Berdoa untuk suami, isteri,
anak dan orang tua yang tidak mau berubah nampaknya menjadi sesuatu yang
melelahkan, bahkan kadang membawa kita pada tingkat frustasi yang tinggi. Kita
merasa bahwa mendoakan mereka adalah sebuah kewajiban, karena kita juga ingin
semua anggota keluarga kita mendapatkan keselamatan. Namun ketika kita sudah
sedemikian lama berdoa, tapi tidak ada perubahan yang kita dapati, rasa lelah
dapat saja membuat kita menyerah.
Sebagai tokoh Kekristenan
mula-mula yang begitu mengagumkan, Paulus menjadi teladan dalam banyak hal.
Terutama dalan ketekunan memikul penderitaan dan kesetiaan terhadap Allah.
Penderitaan yang dialami Paulus bukanlah penderitaan ringan, walau tentu tak
sebanding dengan apa yang dialami oleh Yesus di atas kayu salib, namun Paulus
sebagai manusia mengalami begitu banyak penderitaan bersama dengan para rasul
lainnya.
Apa yang menarik dari kisah
Paulus hari ini? Coba perhatikan apa yang ia doakan? Apakah ia mendoakan
keselamatannya? TIDAK! Apaka ia mendoakan agar hidupnya nyaman dan enak? TIDAK!

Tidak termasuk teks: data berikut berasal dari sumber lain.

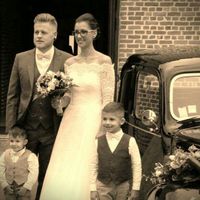 Notre merveilleuse journée du 17 septembre 2016 - 3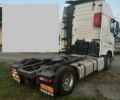 Белый Вольво FH 13, объемом двигателя 0 л и пробегом 673 тыс. км за 30000 $, фото 2 на Automoto.ua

Apakah dia mendoakan agar orang lain merasakan penderitaan yang ia rasakan?
TIDAK! Lalu apa yang menjadi doanya? Dia berdoa agar semua umat yang mendengar
kesaksiannya menjadi umat yang radikal dan militan bagi Tuhan. Tentu radikal
dan militan dalam artian yang positif, yaitu mampu mengabarkan sukacita
keselamatan dan kerajaan Allah kepada dunia dengan kesungguhan dan kesetiaan.
Tapi saudara nilai lain yang luar biasa
dari doa Paulus, bahwa Ia tidak menginginkan orang lain merasakan
belenggu-belenggu yang ia rasakan. Adakah kita berdoa seperti Paulus?